WHEN Joseph Tsatsi picks up the documentation for his Masters degree in Social Policy and Management this week, it will be his third trip up to the UCT graduation stage. Not bad for someone who received most of his primary education in Afrikaans and Sotho and, in matric, had to do without an English teacher for six months.

Tsatsi grew up on a farm in Welkom in the Free State, attending a nearby school where he was taught mostly in Afrikaans and Sotho, while English, he recalls with a smile, was taught through the medium of Sotho.

He prevailed however, and moved with his family to the mining township of Thabong when he had to find a high school to attend.

Things went along reasonably well at Thota-Gauta Secondary School, at least until the matric class's English teacher suffered a stroke at the beginning of one year. Tsatsi and some friends ran a study group until the teacher was replaced six months later and the class had to plough its way through a year's work.
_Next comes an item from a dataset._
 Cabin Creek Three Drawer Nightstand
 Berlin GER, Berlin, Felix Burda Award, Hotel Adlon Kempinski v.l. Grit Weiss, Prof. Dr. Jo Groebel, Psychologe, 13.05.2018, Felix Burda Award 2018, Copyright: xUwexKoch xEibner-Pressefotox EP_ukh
UCT was a culture shock, Tsatsi admits. With no experience of writing academic essays, a “shaky” grasp of English and difficulty with the “foreign accents” of lecturers, he had trouble adapting, and failed a number of initial tests.

“I didn't know what was going on,” he says of this period. “At school, I used to do very well, but now, all of a sudden, I was failing everything.” But the hours spent under the tutelage of Dr Rochelle Kapp and others on the Academic Development Programme (ADP) paid rich dividends. “He is one of the hardest working and highly motivated students I have taught,” says Kapp.

Three degrees and an appointment with Pick 'n Pay Go Banking later, the future looks promising for Tsatsi. “I feel very privileged to have been at UCT,” he notes.

“And I would advise other students who have similar backgrounds to mine that when they come to UCT, they use all the services and facilities available, and I can promise that they will succeed.”